======== Excerpted records ========

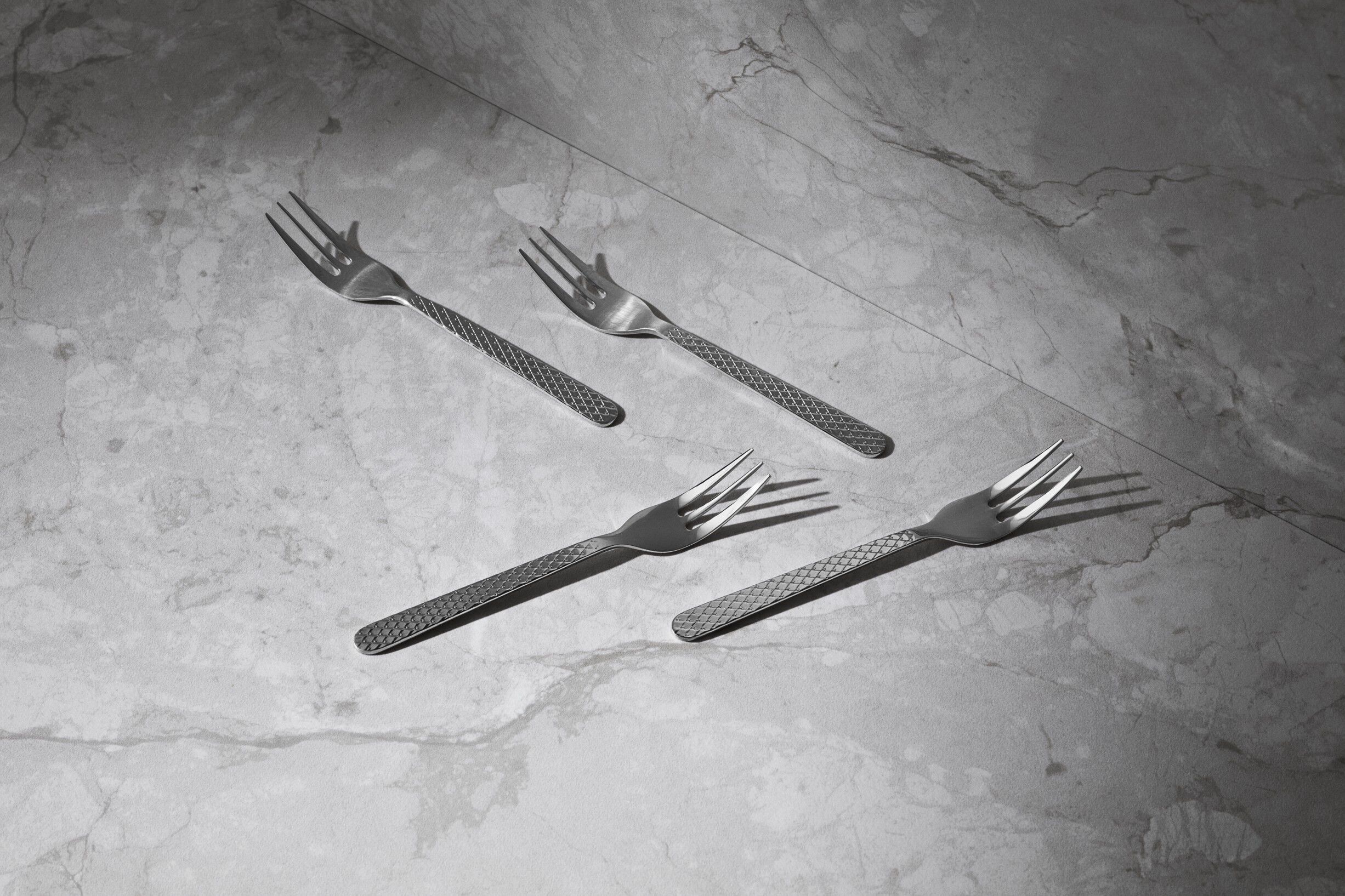 Rhombe Kagegaffel st&aring;l 4 stk.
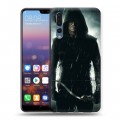 Дизайнерский силиконовый с усиленными углами чехол для Huawei P20 Pro стрела 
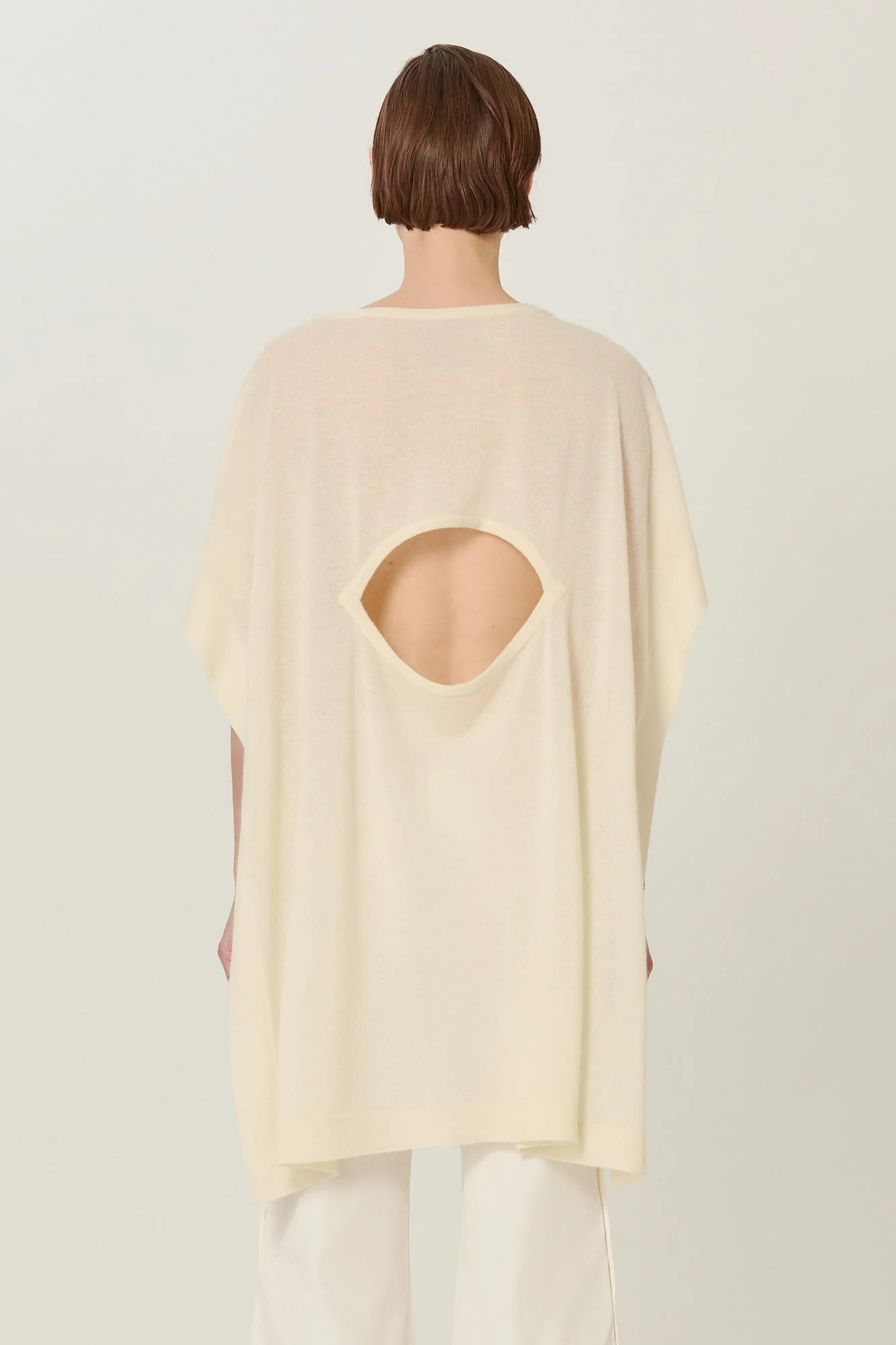 Two Ways Poncho Cardi Ivory - Image 6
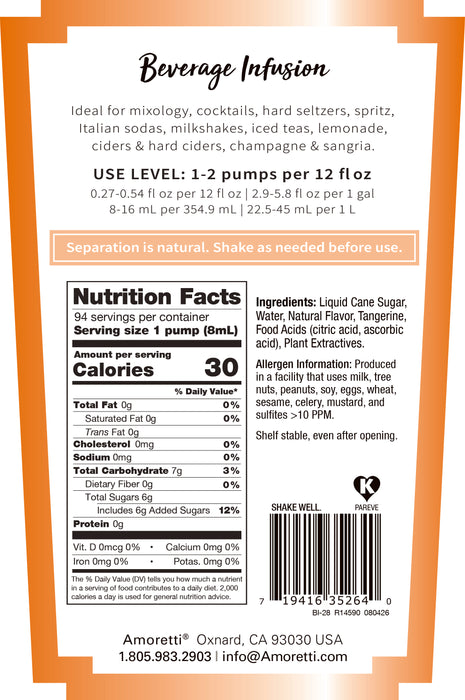 Tangerine Beverage Infusion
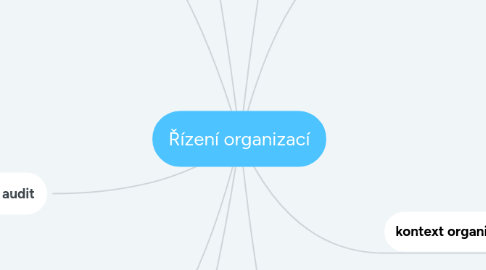 Mind Map: Řízení organizací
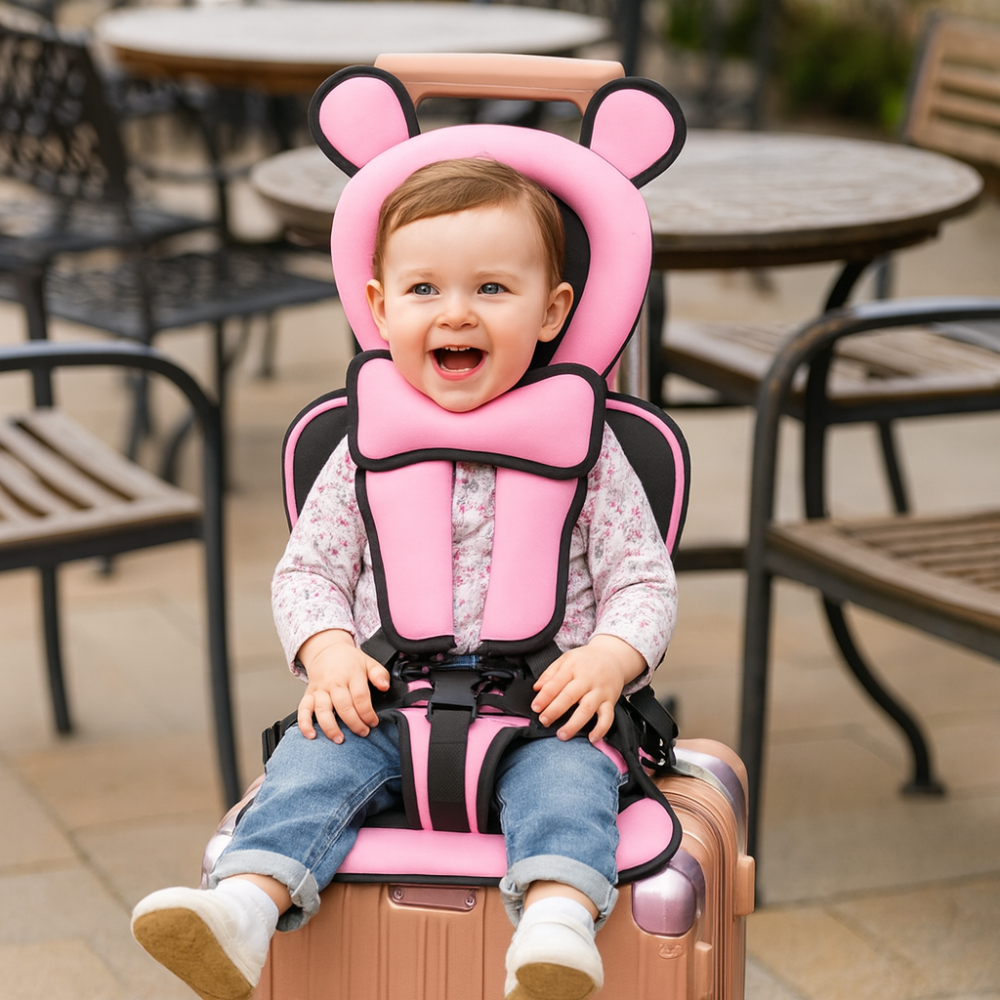 Portable Baby Travel Seat Harness Car Airplane Safety Chair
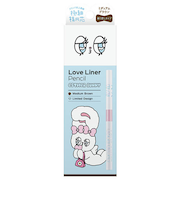 ラブ・ライナー（LoveLiner）　クリームフィットペンシル　R　極細楕円芯　アイライナー　エスターバニー　ミディアムブラウン　0.05g
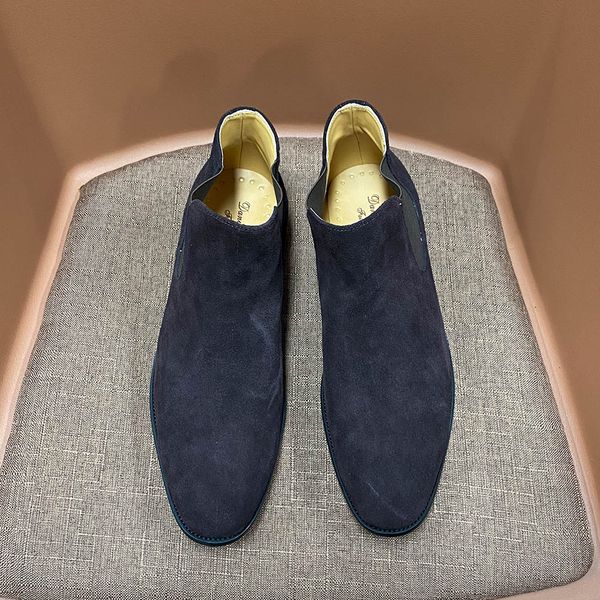 chelsea boots genuine leather boots men shoes cow suede ankle boots black brown male british style slip-on winter spring boots, Black;white
chelsea boots genuine leather boots men shoes cow suede ankle boots black brown male british style slip-on winter spring boots, Black;white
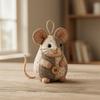 Beginner-friendly Handmade Patchwork Mouse Kit Patchwork Mouse Pendant  Craft Activities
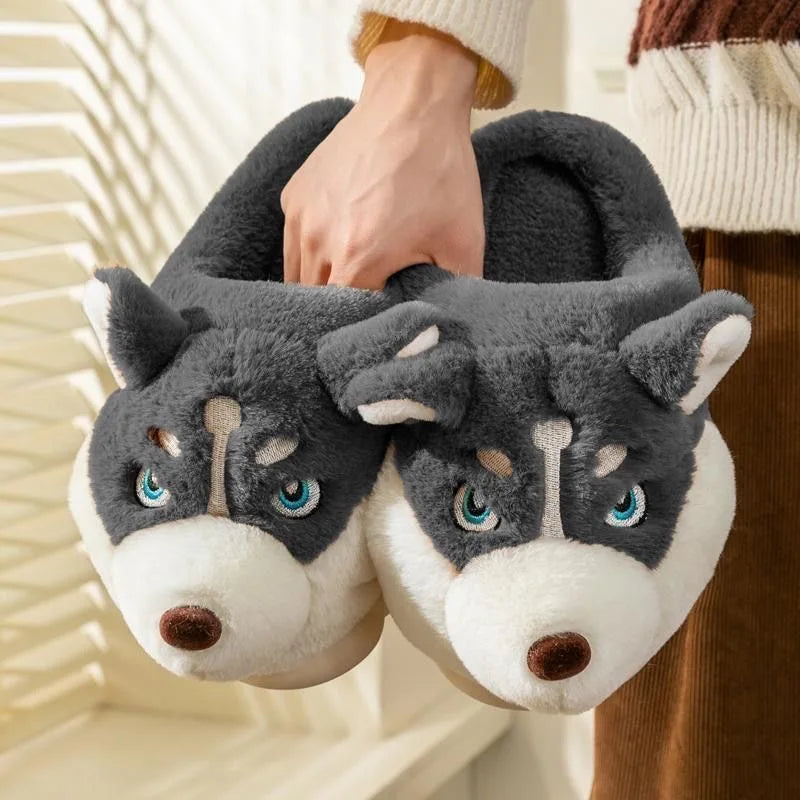 Chaussons Husky – Pour Chaleur et Joie à Domicile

========

[How to complete this task] Apart from the pictures, return every entry above exactly as given.

[Written solution]
 Rhombe Kagegaffel st&aring;l 4 stk.
 Дизайнерский силиконовый с усиленными углами чехол для Huawei P20 Pro стрела 
 Two Ways Poncho Cardi Ivory - Image 6
 Tangerine Beverage Infusion
 Mind Map: Řízení organizací
 Portable Baby Travel Seat Harness Car Airplane Safety Chair
 ラブ・ライナー（LoveLiner）　クリームフィットペンシル　R　極細楕円芯　アイライナー　エスターバニー　ミディアムブラウン　0.05g
 chelsea boots genuine leather boots men shoes cow suede ankle boots black brown male british style slip-on winter spring boots, Black;white
chelsea boots genuine leather boots men shoes cow suede ankle boots black brown male british style slip-on winter spring boots, Black;white
 Beginner-friendly Handmade Patchwork Mouse Kit Patchwork Mouse Pendant  Craft Activities
 Chaussons Husky – Pour Chaleur et Joie à Domicile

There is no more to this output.